For integration testing (make test-ci), cloud-specific packages are also auto-installed:

Package Cloud Purpose
boto3 AWS S3 bucket and IAM role management
azure-identity Azure Service principal authentication
azure-mgmt-storage Azure Storage account management
azure-mgmt-authorization Azure RBAC role assignments
azure-mgmt-databricks Azure Workspace management

Terraform Providers (auto-downloaded)

Downloaded automatically on first terraform init:

Provider Version Source
databricks/databricks ~> 1.91.0 registry.terraform.io
hashicorp/null ~> 3.2 registry.terraform.io
hashicorp/time ~> 0.12 registry.terraform.io

Network Access

GenieRails requires outbound HTTPS (port 443) to:

Endpoint Purpose
registry.terraform.io Download Terraform providers (first run only)
Your Databricks workspace URL All API calls (generate, apply, verify)
accounts.cloud.databricks.com AWS account API (group/tag policy management)
accounts.azuredatabricks.net Azure account API (group/tag policy management)

No VPN is required unless your Databricks workspace is on a private network.

Databricks Account

Required Features

  • Unity Catalog — must be enabled on the target workspace
  • SQL Warehouse — serverless (auto-created) or existing warehouse
  • Genie Spaces — for the Genie Space governance workflow

Service Principal

Create a service principal (SP) in the Databricks Account Console with:

Role Scope Required for
Account Admin Account Creating groups, tag policies
Workspace Admin Target workspace Deploying governance resources
Metastore Admin Unity Catalog metastore Managing catalogs, grants, FGAC policies

Genie-only mode: If you only need Genie Spaces without ABAC governance, set genie_only = true in env.auto.tfvars. This requires only Workspace Admin (no Account Admin or Metastore Admin needed).

Credentials

You'll need these values for auth.auto.tfvars:

Credential Where to find
databricks_account_id Account Console → top-right profile menu
databricks_account_host AWS: https://accounts.cloud.databricks.com / Azure: https://accounts.azuredatabricks.net
databricks_client_id Account Console → User Management → Service Principals → Application ID
databricks_client_secret Same SP → OAuth Secrets → Generate Secret
databricks_workspace_id Account Console → Workspaces, or ?o= parameter in workspace URL
databricks_workspace_host Your workspace URL (e.g., https://dbc-xxx.cloud.databricks.com)
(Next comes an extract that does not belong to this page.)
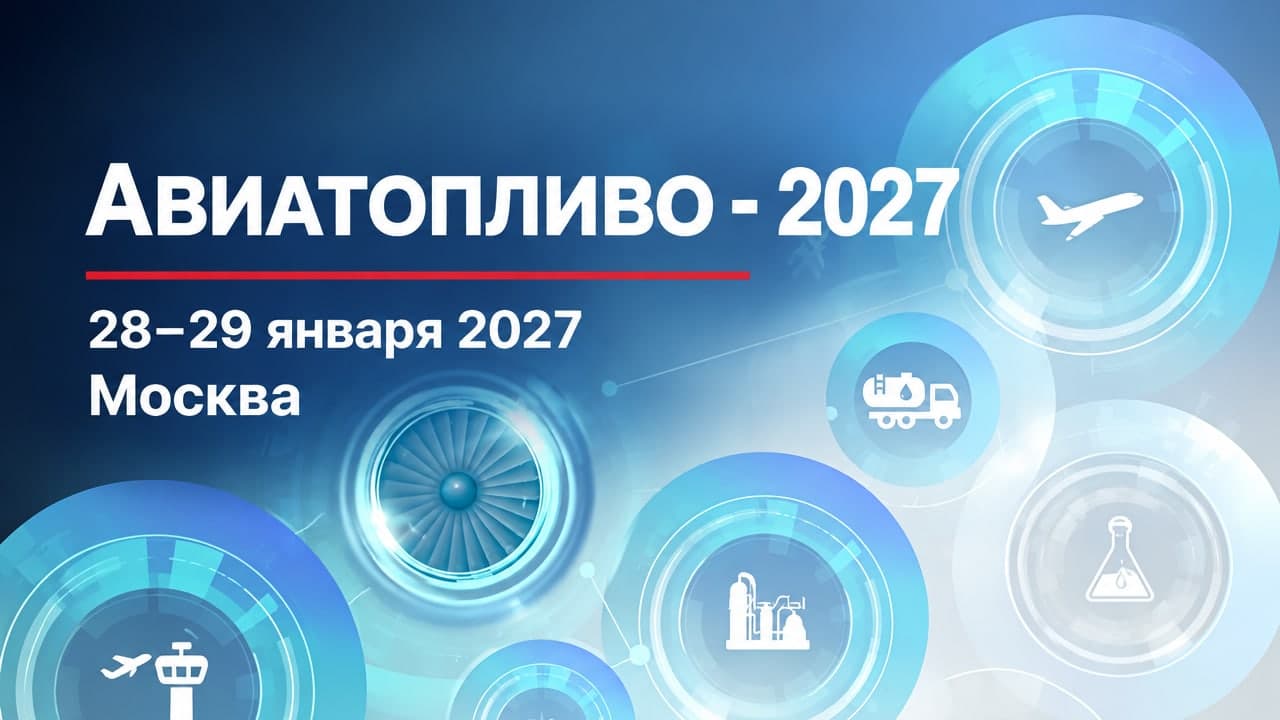 Авиатопливо - 2027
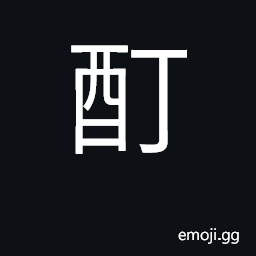 Ideograph drunk, intoxicated CJK Symbol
Cloud-Specific Requirements

AWS

Credentials (one of):

  • AWS_PROFILE environment variable pointing to a named profile in ~/.aws/credentials
  • AWS_ACCESS_KEY_ID + AWS_SECRET_ACCESS_KEY (+ optional AWS_SESSION_TOKEN)
  • Default boto3 credential chain (instance profile, SSO, etc.)
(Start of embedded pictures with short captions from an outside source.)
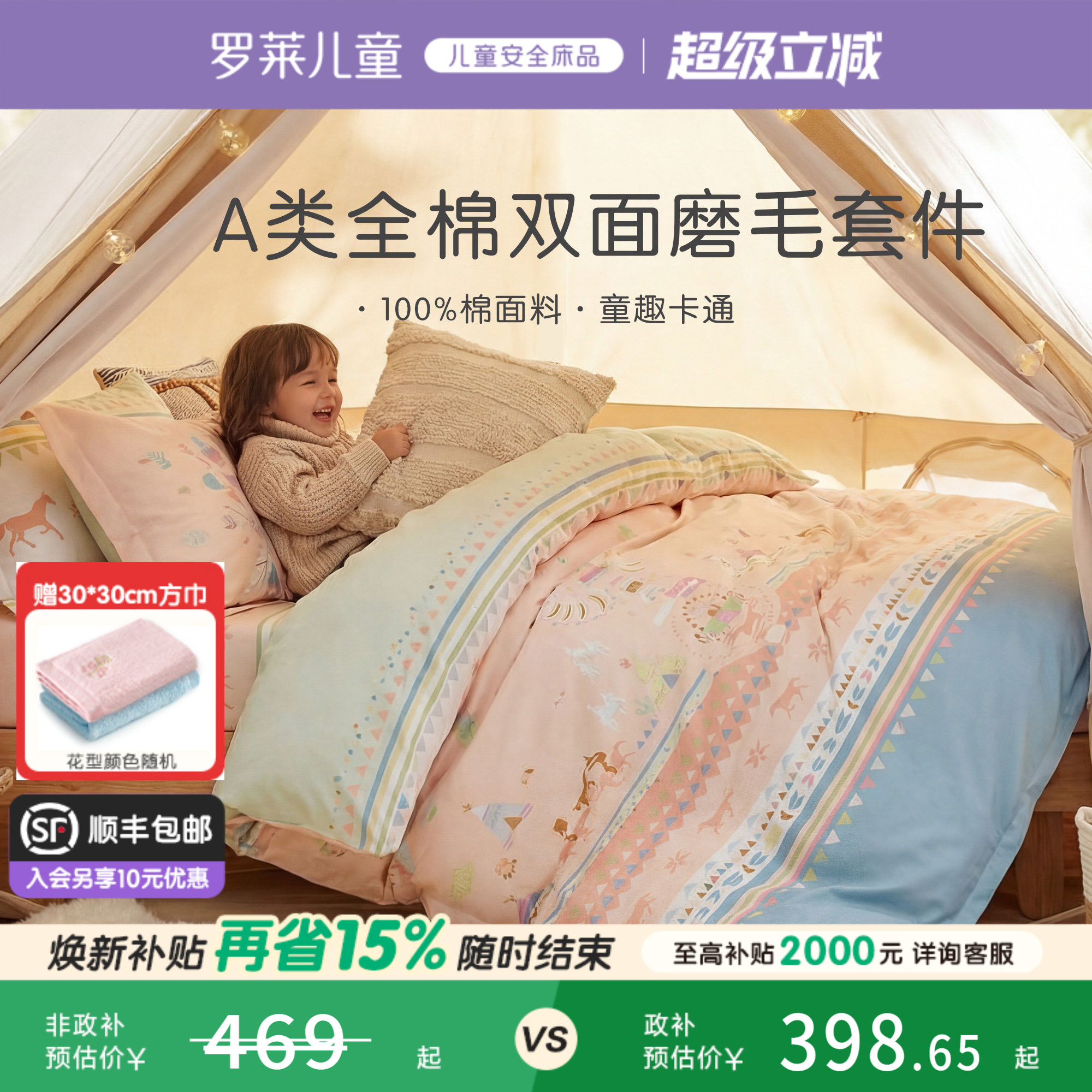 罗莱儿童秋冬卡通全棉纯棉加厚磨毛三件套被套被罩床笠床单四件套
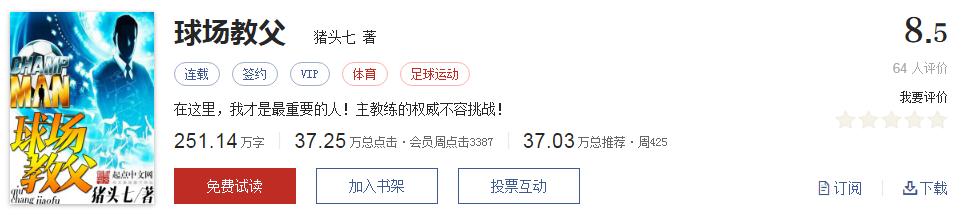 网络文学20年，600部精品网络小说神作集合，经典珍藏不容错过！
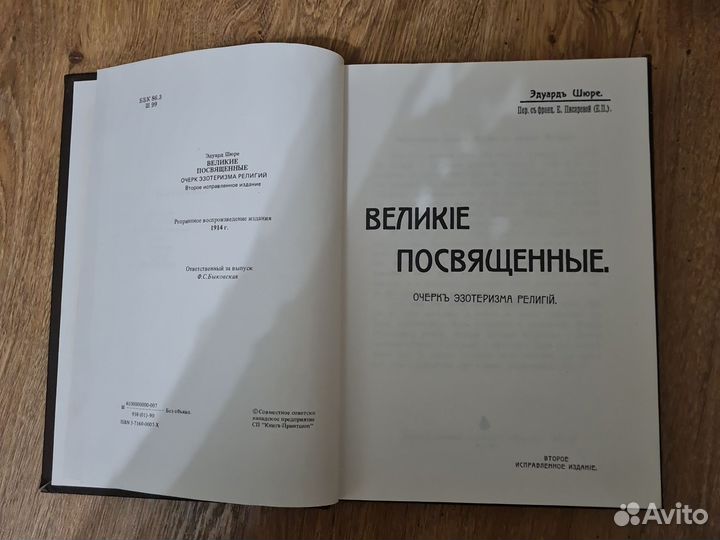 Книга эзотерика религия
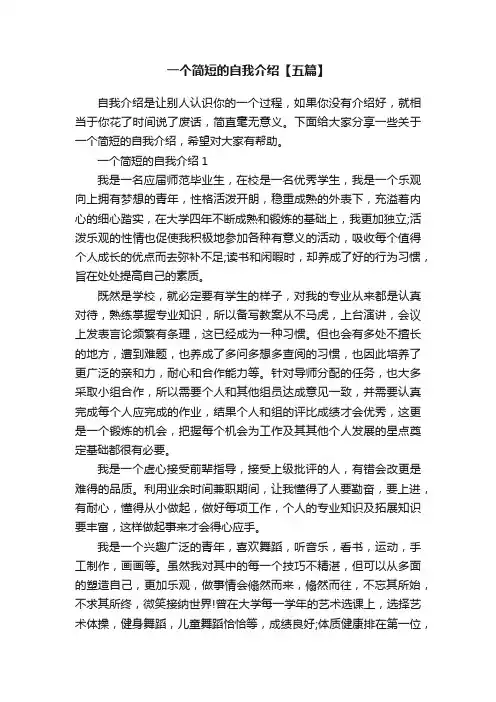 一个简短的自我介绍【五篇】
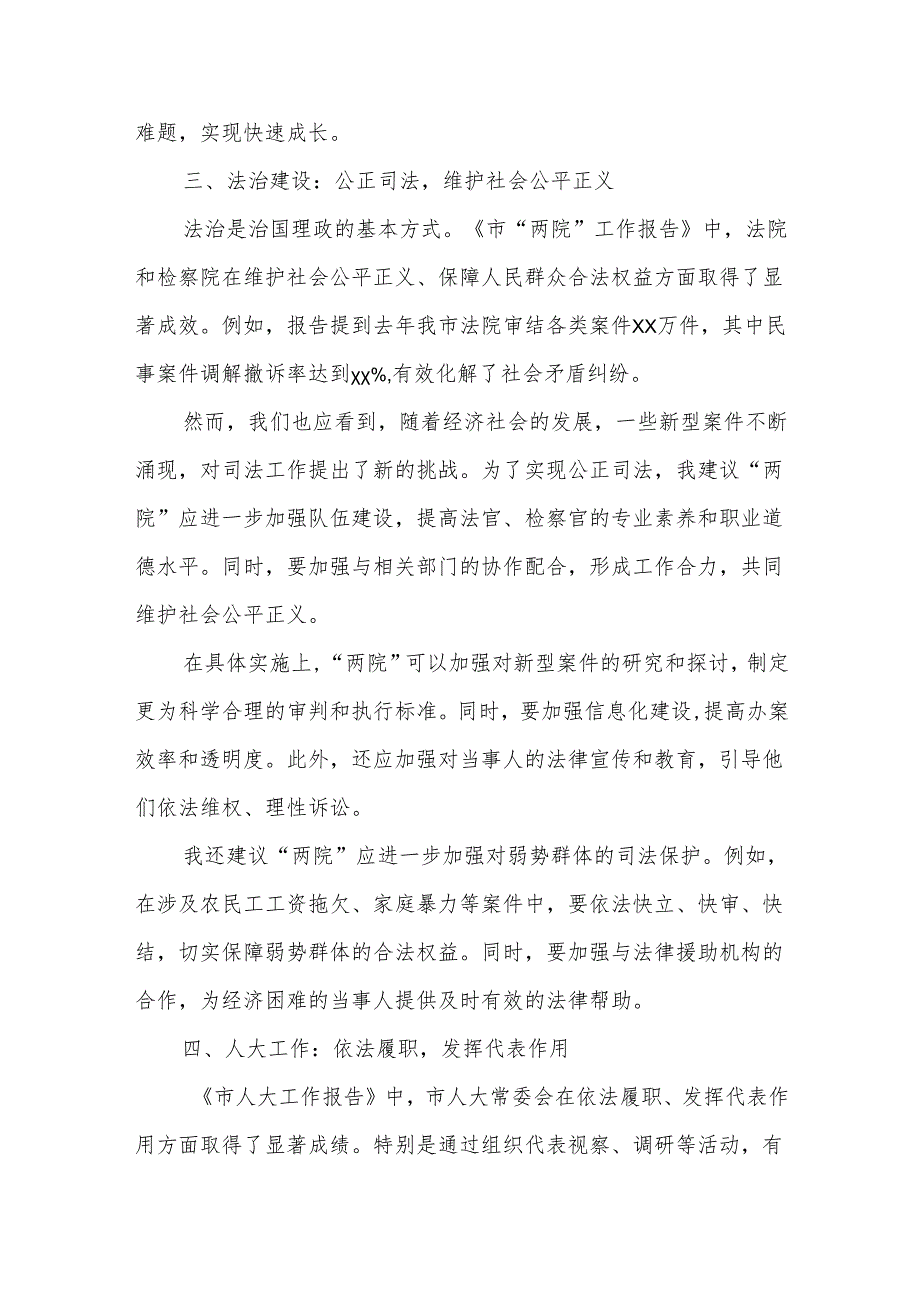 在市人大会代表团会上审议《政府工作报告》《市人大工作报告》《市“两院”工作报告》的发言332.docx_第3页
IAM Permissions (for make test-ci provisioning only):

  • iam:CreateRole, iam:DeleteRole, iam:PutRolePolicy, iam:DeleteRolePolicy
  • s3:CreateBucket, s3:DeleteBucket, s3:PutPublicAccessBlock
  • sts:GetCallerIdentity

Standard make generate + make apply usage does NOT require AWS IAM permissions — only a Databricks service principal.

Azure

Credentials (one of):

  • Service principal: AZURE_CLIENT_ID + AZURE_CLIENT_SECRET + AZURE_TENANT_ID
  • DefaultAzureCredential (Azure CLI login, managed identity, etc.)

Additional config (for make test-ci provisioning only):

  • AZURE_SUBSCRIPTION_ID
  • AZURE_RESOURCE_GROUP
  • AZURE_REGION (e.g., australiaeast)

Azure RBAC Roles (for provisioning only):

  • Contributor on resource group
  • Storage Blob Data Contributor
  • User Access Administrator

Standard make generate + make apply usage does NOT require Azure RBAC roles — only a Databricks service principal.

Quick Verification

After installing Python and Terraform, verify your setup:

# Clone the repo
git clone https://github.com/databricks-solutions/genierails.git
cd genierails

# Pick your cloud
cd aws   # or: cd azure

# Copy and fill in credentials
cp shared/auth.auto.tfvars.example envs/dev/auth.auto.tfvars
# Edit envs/dev/auth.auto.tfvars with your credentials

# Verify connectivity
make setup ENV=dev
make validate ENV=dev

If make validate shows all [PASS] checks, you're ready to go. See From UI to Production or Quickstart for next steps.